### Your task
Repeat, exactly and in full, the lines of the listing below, but without any pictures.

### Input data
==================================================

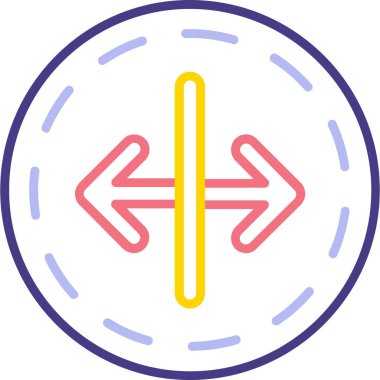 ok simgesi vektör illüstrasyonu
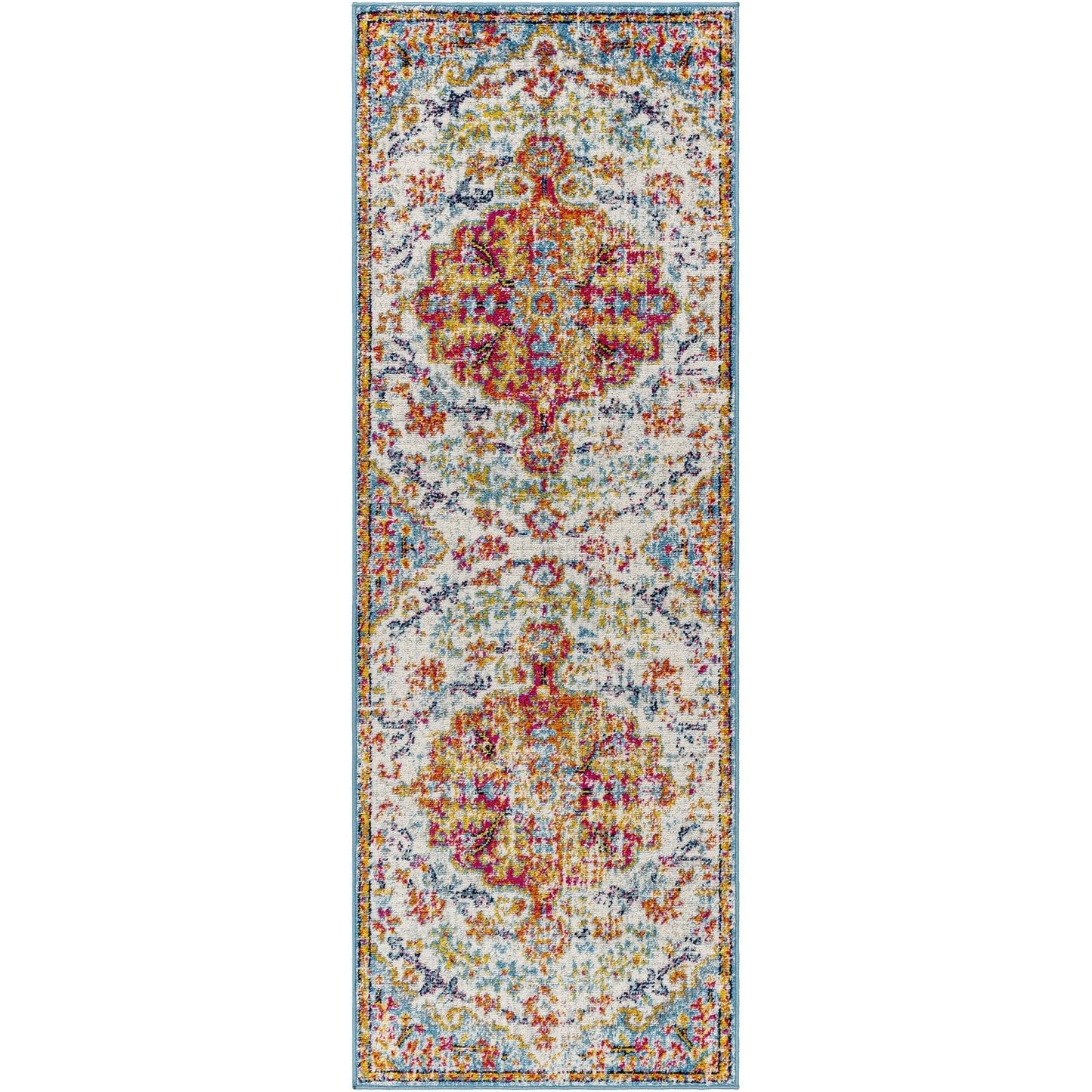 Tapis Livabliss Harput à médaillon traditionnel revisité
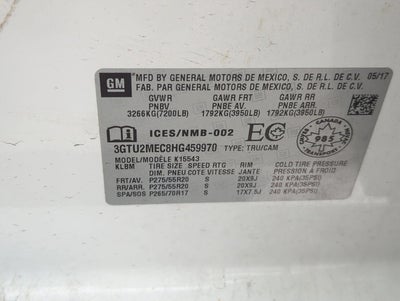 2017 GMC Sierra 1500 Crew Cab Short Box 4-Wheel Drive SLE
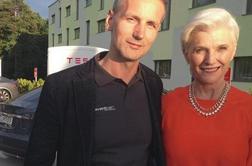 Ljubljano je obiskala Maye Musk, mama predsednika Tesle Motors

==================================================

### The completed task
 ok simgesi vektör illüstrasyonu
 Tapis Livabliss Harput à médaillon traditionnel revisité
 2017 GMC Sierra 1500 Crew Cab Short Box 4-Wheel Drive SLE
 Ljubljano je obiskala Maye Musk, mama predsednika Tesle Motors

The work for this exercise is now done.